• _Task goal_: What you submit must be an exact copy of the listing below, with no images in it.
○ ○ ○
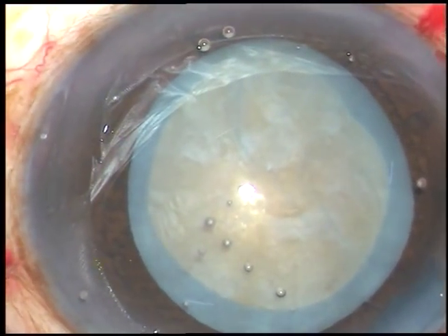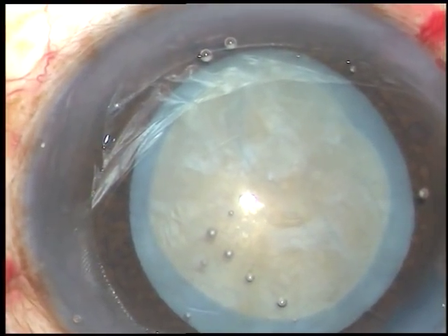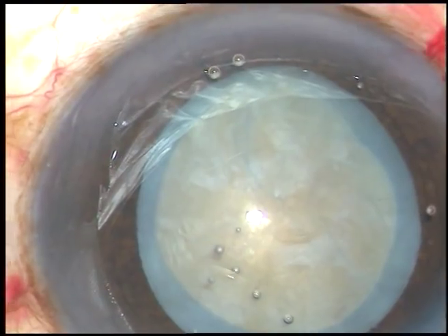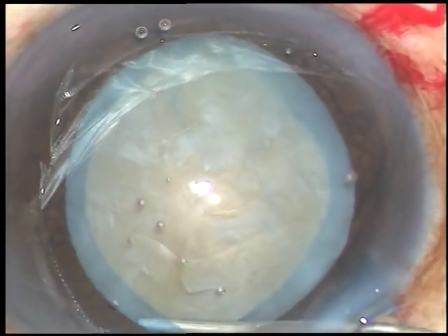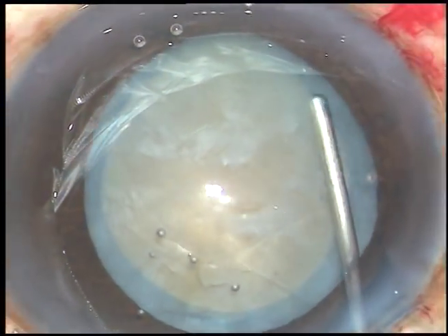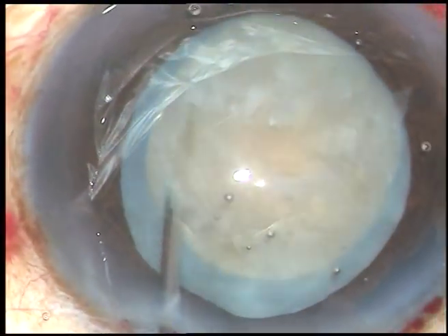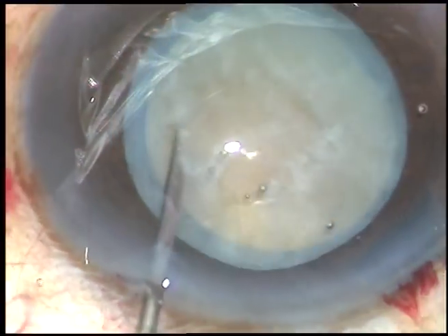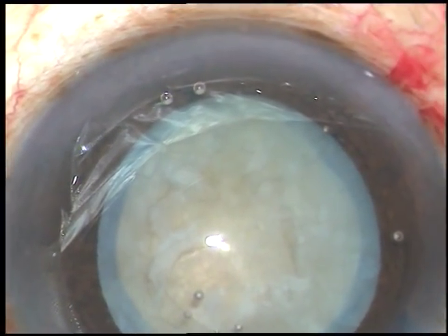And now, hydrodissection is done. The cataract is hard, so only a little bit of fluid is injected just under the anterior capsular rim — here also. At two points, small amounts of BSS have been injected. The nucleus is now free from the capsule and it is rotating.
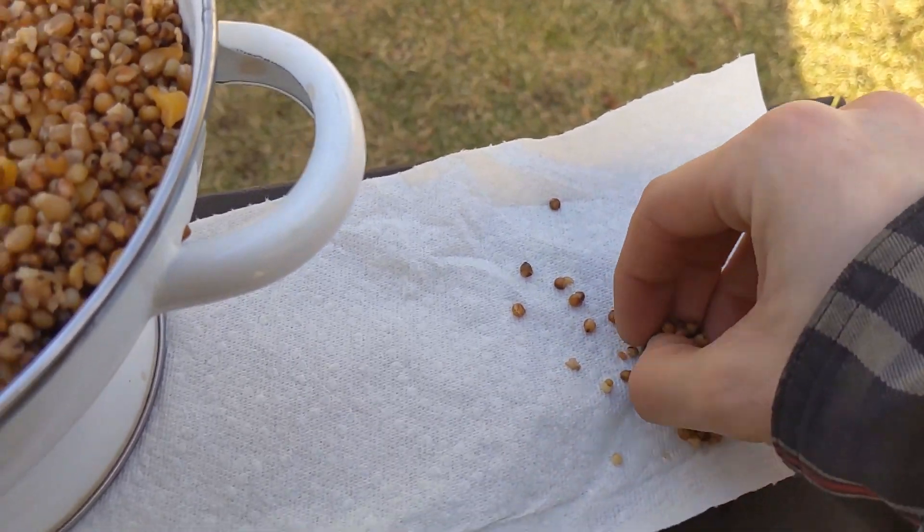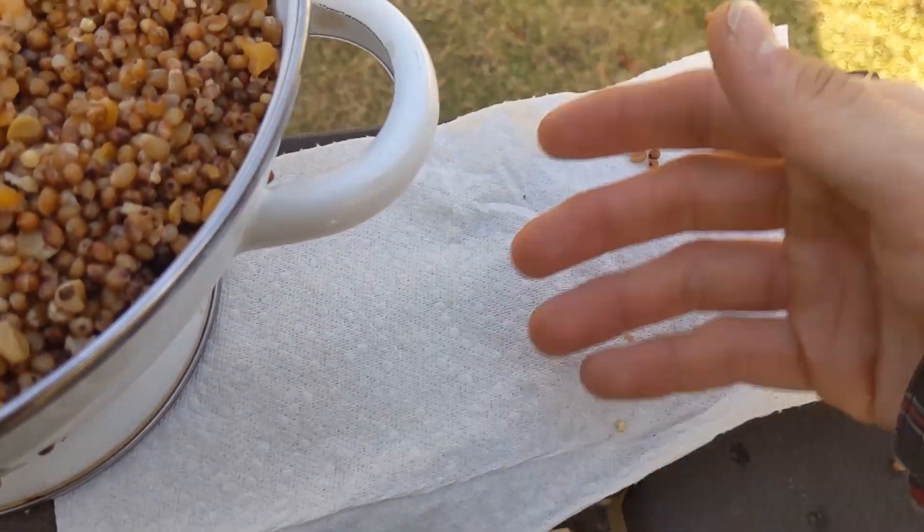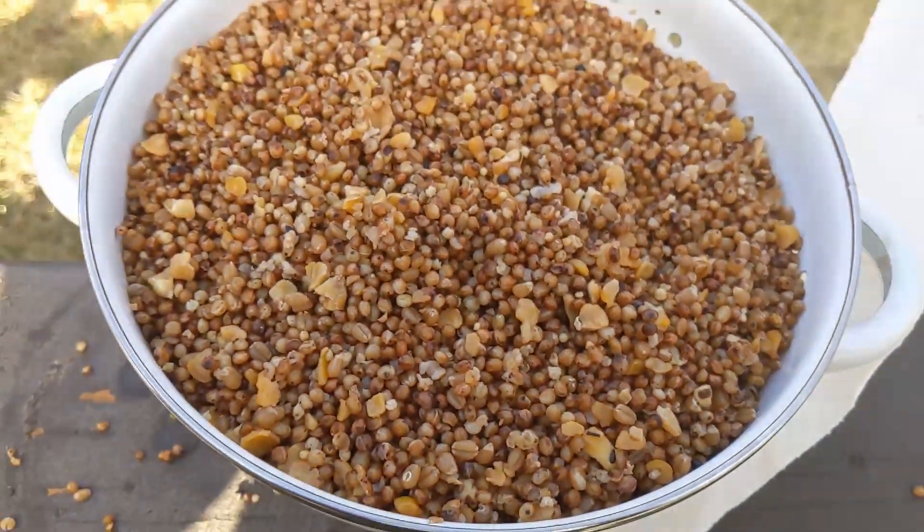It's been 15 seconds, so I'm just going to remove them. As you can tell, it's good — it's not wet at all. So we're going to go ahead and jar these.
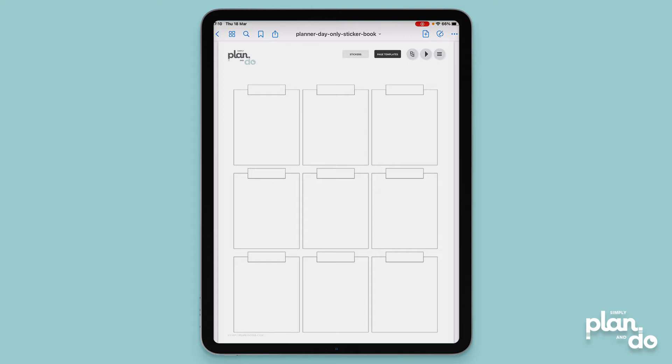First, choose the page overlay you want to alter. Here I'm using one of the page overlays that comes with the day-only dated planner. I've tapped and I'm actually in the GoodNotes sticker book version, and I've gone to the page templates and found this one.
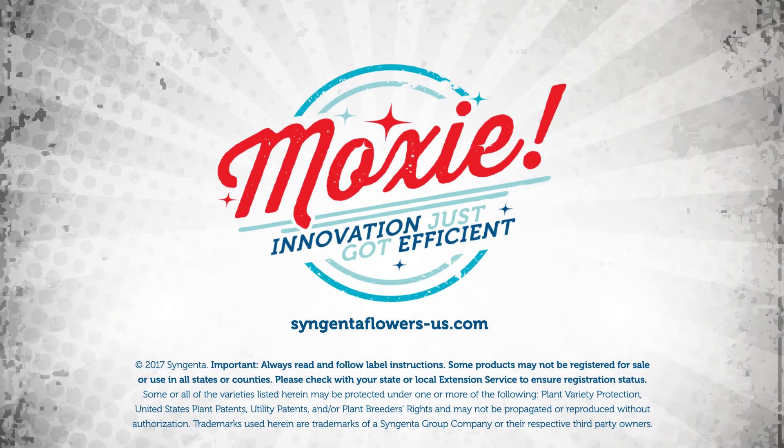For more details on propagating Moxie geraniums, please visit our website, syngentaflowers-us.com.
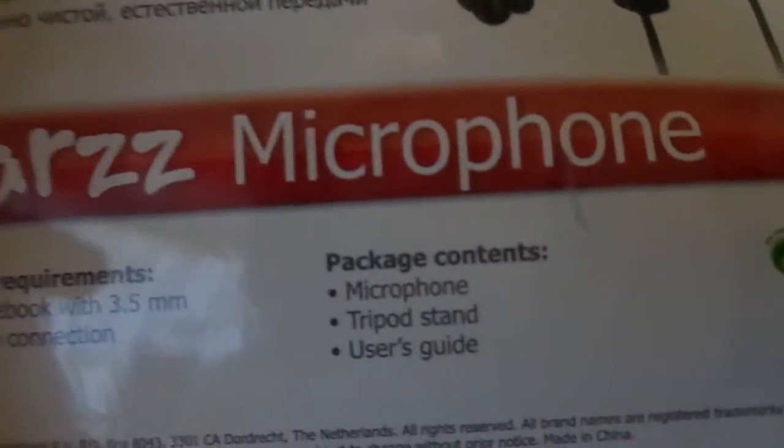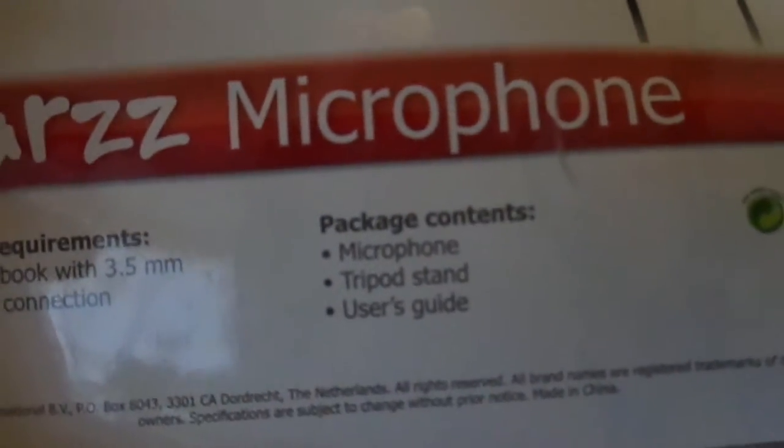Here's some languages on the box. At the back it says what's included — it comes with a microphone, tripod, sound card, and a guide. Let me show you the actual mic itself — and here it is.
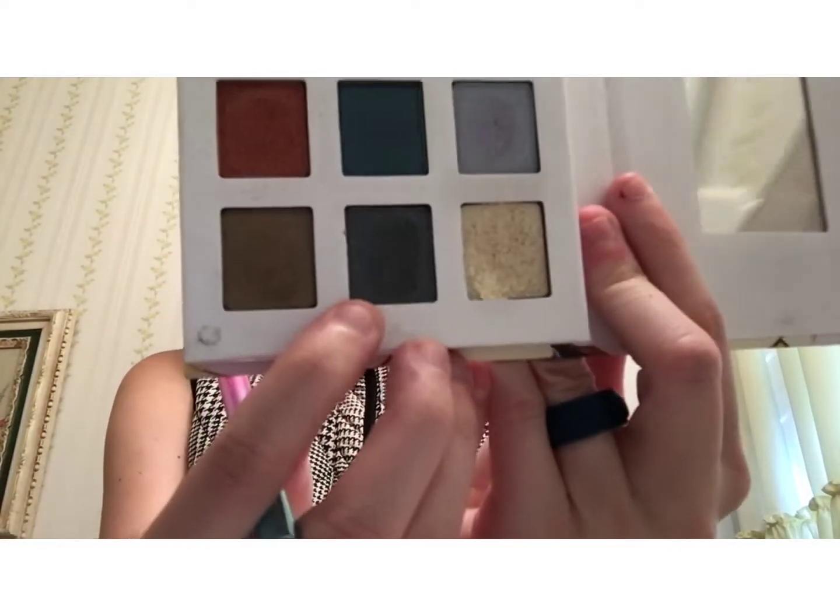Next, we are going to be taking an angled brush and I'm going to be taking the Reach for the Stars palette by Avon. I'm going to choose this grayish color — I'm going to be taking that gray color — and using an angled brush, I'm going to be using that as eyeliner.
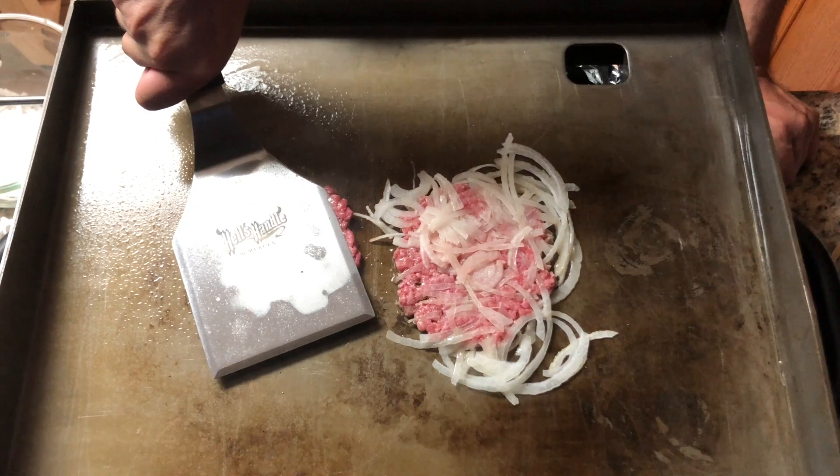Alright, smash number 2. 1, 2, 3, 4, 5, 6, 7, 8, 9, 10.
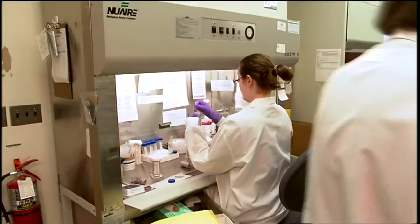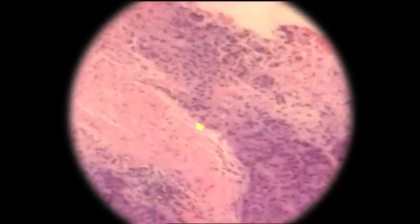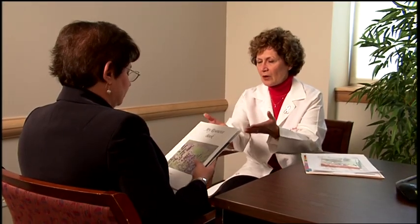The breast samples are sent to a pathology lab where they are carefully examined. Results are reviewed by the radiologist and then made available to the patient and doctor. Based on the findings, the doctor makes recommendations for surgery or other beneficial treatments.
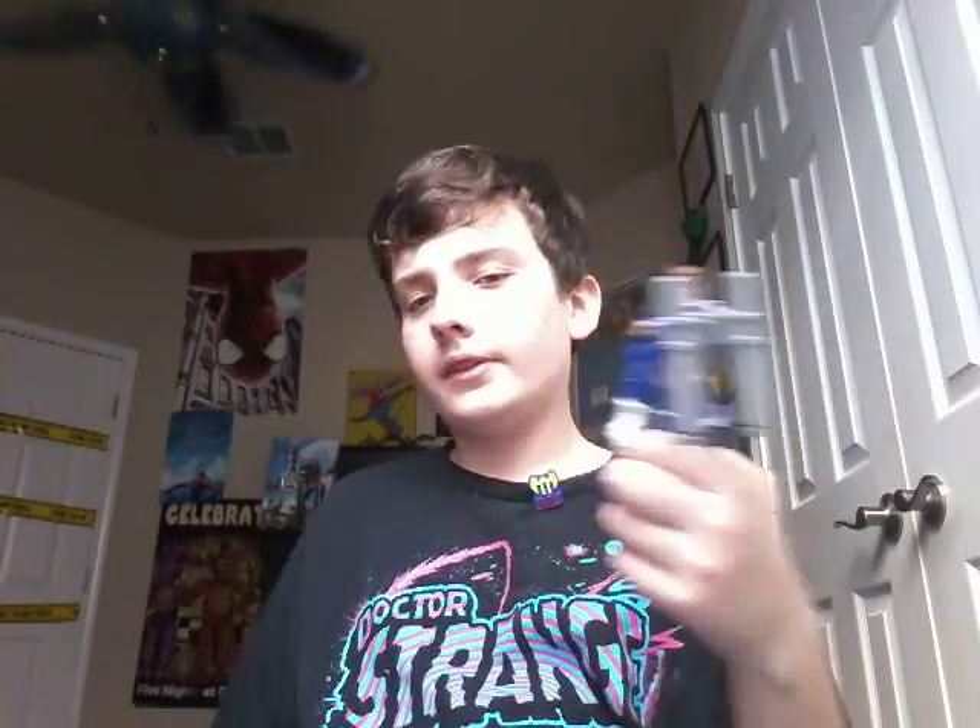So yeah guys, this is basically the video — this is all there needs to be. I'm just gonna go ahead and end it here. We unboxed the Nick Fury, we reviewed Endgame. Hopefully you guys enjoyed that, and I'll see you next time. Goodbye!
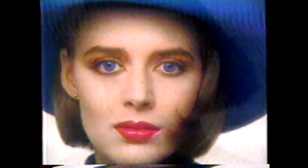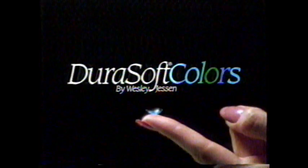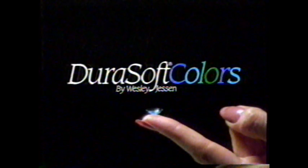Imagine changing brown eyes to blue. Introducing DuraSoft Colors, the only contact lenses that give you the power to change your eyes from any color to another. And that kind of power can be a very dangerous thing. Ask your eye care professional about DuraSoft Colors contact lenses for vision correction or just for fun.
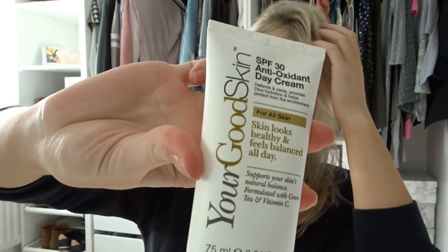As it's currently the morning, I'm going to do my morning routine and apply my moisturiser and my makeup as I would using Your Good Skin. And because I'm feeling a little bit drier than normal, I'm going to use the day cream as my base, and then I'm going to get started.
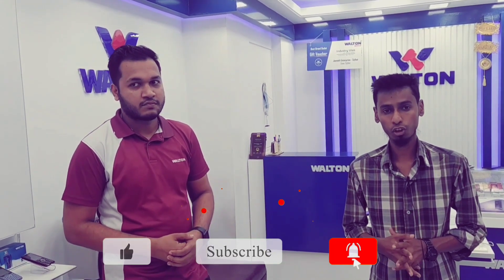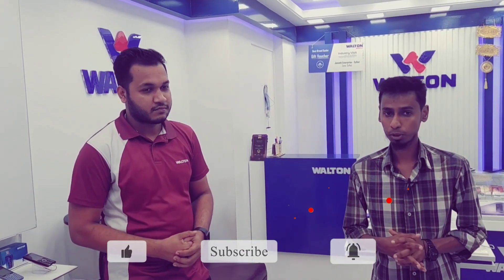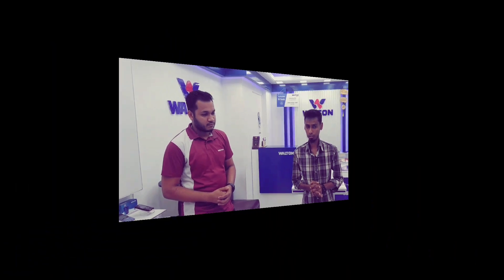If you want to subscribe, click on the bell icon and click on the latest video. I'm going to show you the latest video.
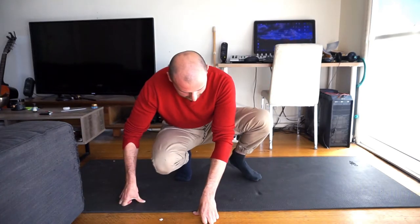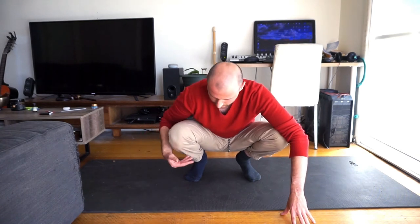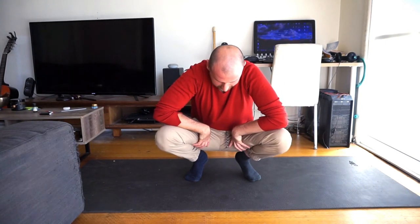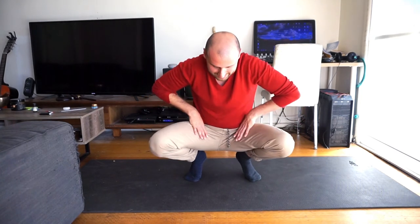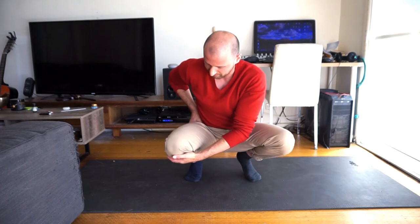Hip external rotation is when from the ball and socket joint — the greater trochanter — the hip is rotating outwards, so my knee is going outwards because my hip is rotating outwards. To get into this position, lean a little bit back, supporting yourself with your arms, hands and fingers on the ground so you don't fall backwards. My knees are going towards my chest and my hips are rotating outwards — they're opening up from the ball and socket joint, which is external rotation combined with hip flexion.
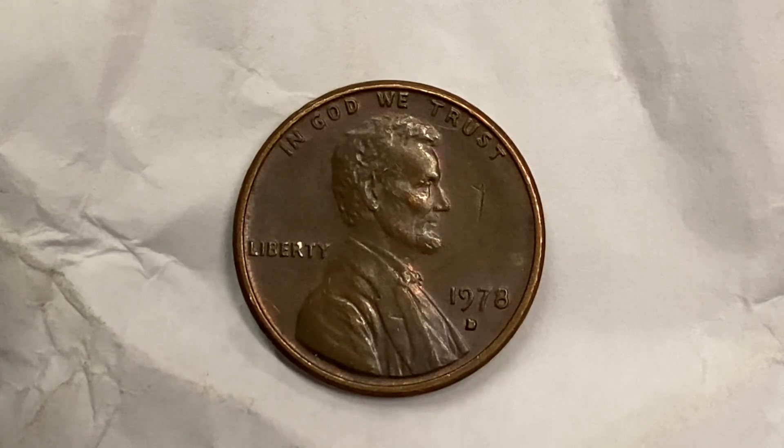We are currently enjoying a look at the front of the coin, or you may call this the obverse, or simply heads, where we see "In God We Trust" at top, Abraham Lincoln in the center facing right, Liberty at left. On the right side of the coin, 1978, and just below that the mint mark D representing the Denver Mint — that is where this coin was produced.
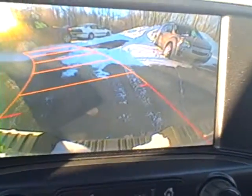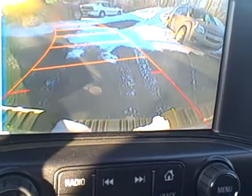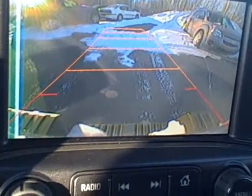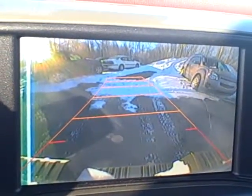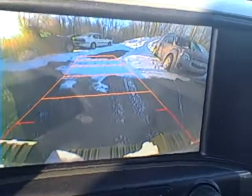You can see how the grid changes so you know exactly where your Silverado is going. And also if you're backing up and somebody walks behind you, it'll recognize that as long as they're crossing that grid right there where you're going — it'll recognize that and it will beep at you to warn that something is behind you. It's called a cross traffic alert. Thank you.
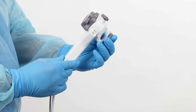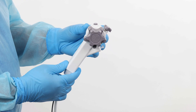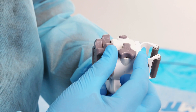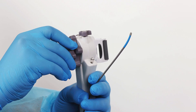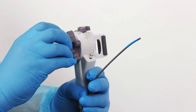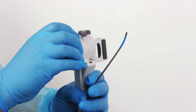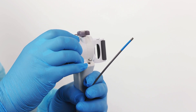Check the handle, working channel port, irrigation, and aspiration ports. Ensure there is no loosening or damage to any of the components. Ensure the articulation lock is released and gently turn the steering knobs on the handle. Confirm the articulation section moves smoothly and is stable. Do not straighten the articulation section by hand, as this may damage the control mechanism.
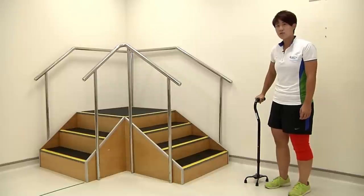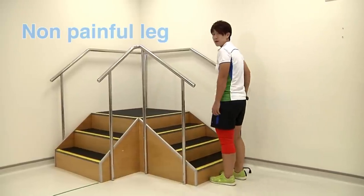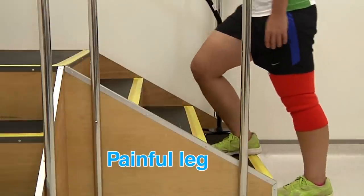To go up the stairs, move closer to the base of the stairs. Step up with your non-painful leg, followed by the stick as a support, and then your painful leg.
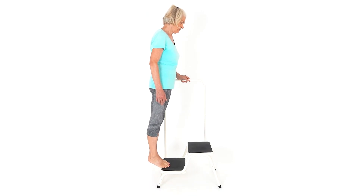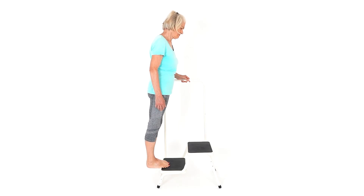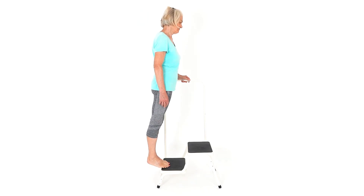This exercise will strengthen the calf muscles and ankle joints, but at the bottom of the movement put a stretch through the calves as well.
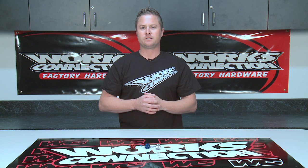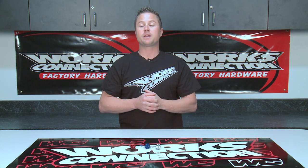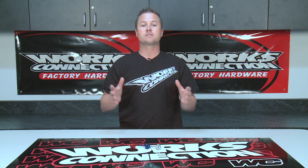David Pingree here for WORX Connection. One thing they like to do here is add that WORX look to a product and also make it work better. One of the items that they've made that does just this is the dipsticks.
○ ○ ○
• _Solved problem_:
And now, hydrodissection is done. The cataract is hard, so only a little bit of fluid is injected just under the anterior capsular rim — here also. At two points, small amounts of BSS have been injected. The nucleus is now free from the capsule and it is rotating.
It's been 15 seconds, so I'm just going to remove them. As you can tell, it's good — it's not wet at all. So we're going to go ahead and jar these.
First, choose the page overlay you want to alter. Here I'm using one of the page overlays that comes with the day-only dated planner. I've tapped and I'm actually in the GoodNotes sticker book version, and I've gone to the page templates and found this one.
For more details on propagating Moxie geraniums, please visit our website, syngentaflowers-us.com.
Here's some languages on the box. At the back it says what's included — it comes with a microphone, tripod, sound card, and a guide. Let me show you the actual mic itself — and here it is.
Next, we are going to be taking an angled brush and I'm going to be taking the Reach for the Stars palette by Avon. I'm going to choose this grayish color — I'm going to be taking that gray color — and using an angled brush, I'm going to be using that as eyeliner.
Alright, smash number 2. 1, 2, 3, 4, 5, 6, 7, 8, 9, 10.
The breast samples are sent to a pathology lab where they are carefully examined. Results are reviewed by the radiologist and then made available to the patient and doctor. Based on the findings, the doctor makes recommendations for surgery or other beneficial treatments.
So yeah guys, this is basically the video — this is all there needs to be. I'm just gonna go ahead and end it here. We unboxed the Nick Fury, we reviewed Endgame. Hopefully you guys enjoyed that, and I'll see you next time. Goodbye!
Imagine changing brown eyes to blue. Introducing DuraSoft Colors, the only contact lenses that give you the power to change your eyes from any color to another. And that kind of power can be a very dangerous thing. Ask your eye care professional about DuraSoft Colors contact lenses for vision correction or just for fun.
As it's currently the morning, I'm going to do my morning routine and apply my moisturiser and my makeup as I would using Your Good Skin. And because I'm feeling a little bit drier than normal, I'm going to use the day cream as my base, and then I'm going to get started.
If you want to subscribe, click on the bell icon and click on the latest video. I'm going to show you the latest video.
Hip external rotation is when from the ball and socket joint — the greater trochanter — the hip is rotating outwards, so my knee is going outwards because my hip is rotating outwards. To get into this position, lean a little bit back, supporting yourself with your arms, hands and fingers on the ground so you don't fall backwards. My knees are going towards my chest and my hips are rotating outwards — they're opening up from the ball and socket joint, which is external rotation combined with hip flexion.
We are currently enjoying a look at the front of the coin, or you may call this the obverse, or simply heads, where we see "In God We Trust" at top, Abraham Lincoln in the center facing right, Liberty at left. On the right side of the coin, 1978, and just below that the mint mark D representing the Denver Mint — that is where this coin was produced.
You can see how the grid changes so you know exactly where your Silverado is going. And also if you're backing up and somebody walks behind you, it'll recognize that as long as they're crossing that grid right there where you're going — it'll recognize that and it will beep at you to warn that something is behind you. It's called a cross traffic alert. Thank you.
Check the handle, working channel port, irrigation, and aspiration ports. Ensure there is no loosening or damage to any of the components. Ensure the articulation lock is released and gently turn the steering knobs on the handle. Confirm the articulation section moves smoothly and is stable. Do not straighten the articulation section by hand, as this may damage the control mechanism.
To go up the stairs, move closer to the base of the stairs. Step up with your non-painful leg, followed by the stick as a support, and then your painful leg.
This exercise will strengthen the calf muscles and ankle joints, but at the bottom of the movement put a stretch through the calves as well.
David Pingree here for WORX Connection. One thing they like to do here is add that WORX look to a product and also make it work better. One of the items that they've made that does just this is the dipsticks.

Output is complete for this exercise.